The following formulas are from the solution which I have.
$p,q:=$ Digit sums of a,b respectively.
And $a-b \equiv p-q\equiv 3 \times5\equiv6\pmod 9$ are satisfied.
$p+q=45 \equiv0\pmod 9$
$2\times p \equiv6 \pmod 9$
$p \equiv3 \pmod 9$
$15=1+2+3+4+5\leqq p\leqq5+6+7+8+9=35$
from above inequality,the candidates of $p =21,30 \quad(q=24,15 )$ .
Of course $p-q=15$ is true when the borrowing wasn't done.
And my problem begins from here.
The solution states $p-q=15-9 \times$(the number of borrowing(s) of p-q).
How could this proven?.
Too long for a comment.
As you correctly deduced, we have only two cases $(p,q) = (21,24)$ or $(30,15)$. Suppose we write out the digits as $a = a_4 a_3 a_2 a_1 a_0$ and $b = b_3 b_2 b_1 b_0$.
In case of $(30,15)$, because $30-15 = 15 = digitsum(33333)$ already, we know when we do the subtraction there was no "borrowing" i.e. $\forall j \in \{0,1,2,3\}: a_j > b_j$ and in fact $a_j - b_j = 3$. This also immediately means $a_4 = 3$. Of the remaining digits $\{1,2,4,5,6,7,8,9\}$, there is no way to split them into $4$ pairs $(a_j, b_j)$ s.t. $a_j - b_j = 3$ for each pair. So there is no solution in this case.

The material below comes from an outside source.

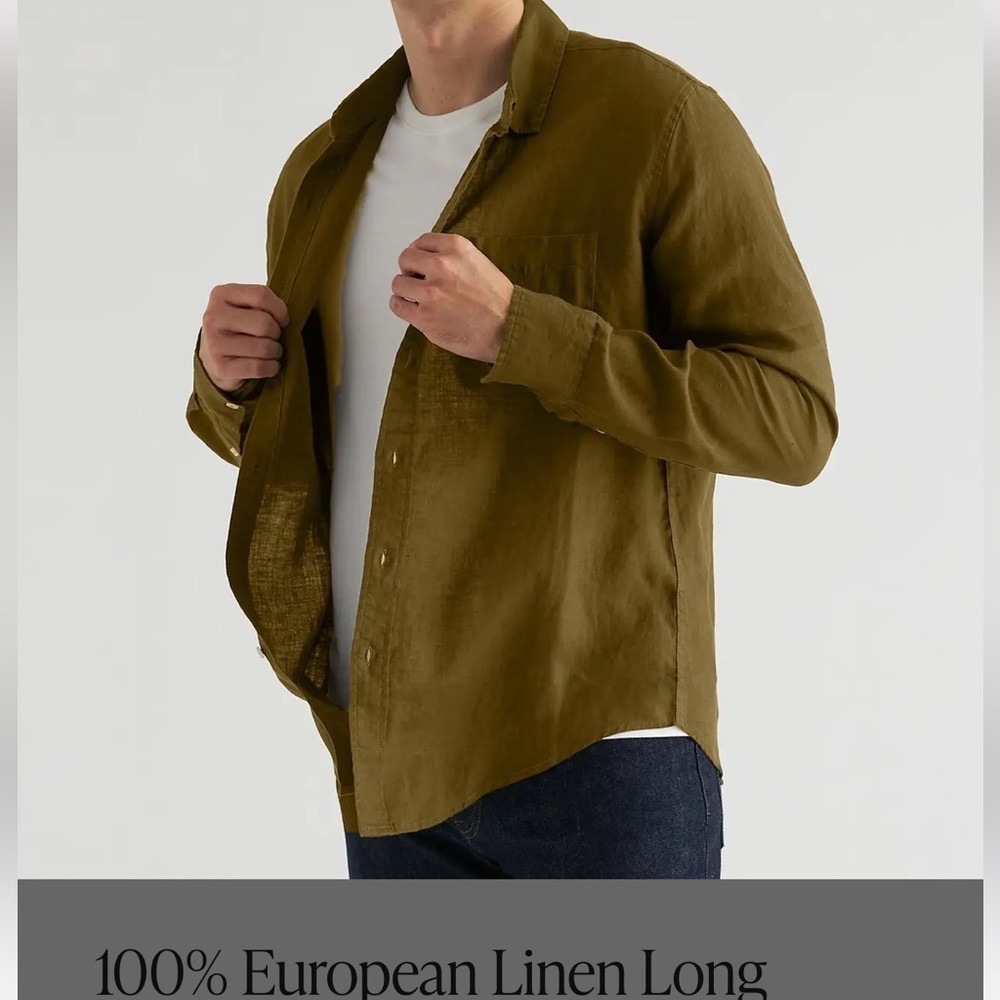 XL Quince 100% Linen Long Sleeve Shirt - Olive 🫒 🍸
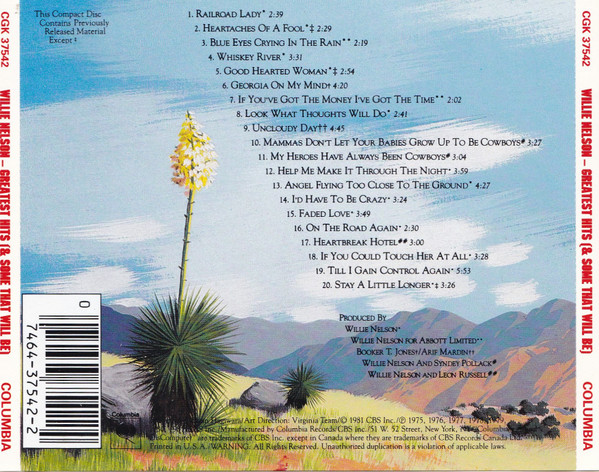 Willie Nelson - Greatest Hits (And Some That Will Be) | Columbia (CGK 37542) - 2 Willie Nelson - Greatest Hits (And Some That Will Be) | Columbia (CGK 37542) - 2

Meanwhile, in case of $(21,24)$ there must have been two "borrowings". Each "borrow" effectively adds $9$ to $a$'s digitsum, because you subtract $1$ from one digit and add $10$ to the next lower digit. E.g. consider the much simpler example $55 - 8 = 47$, where we have
$$digitsum(55) = 5+5 = 10 \neq digitsum(8) + digitsum(47) = 8+4+7 = 19$$
But when the borrowing happens, it is as if the "new" digitsum is $4 + 15 = 19$, and we now have:
$$newdigitsum(55) = 4 + 15 = 19 = digitsum(8) + digitsum(47)$$
So back to the $(21,24)$ case, there are two "borrowings" because $21 + 2 \times 9 - 24 = 15$. So among $j \in \{0,1,2,3\}$, there are exactly two cases of $a_j < b_j$ and two other cases of $a_j > b_j$. Moreover, $a_4 = 3$ or $4$ depending on whether $a_3 >$ or $< b_3$. However, there still seems a lot of cases and I'm not sure how to find the answer(s).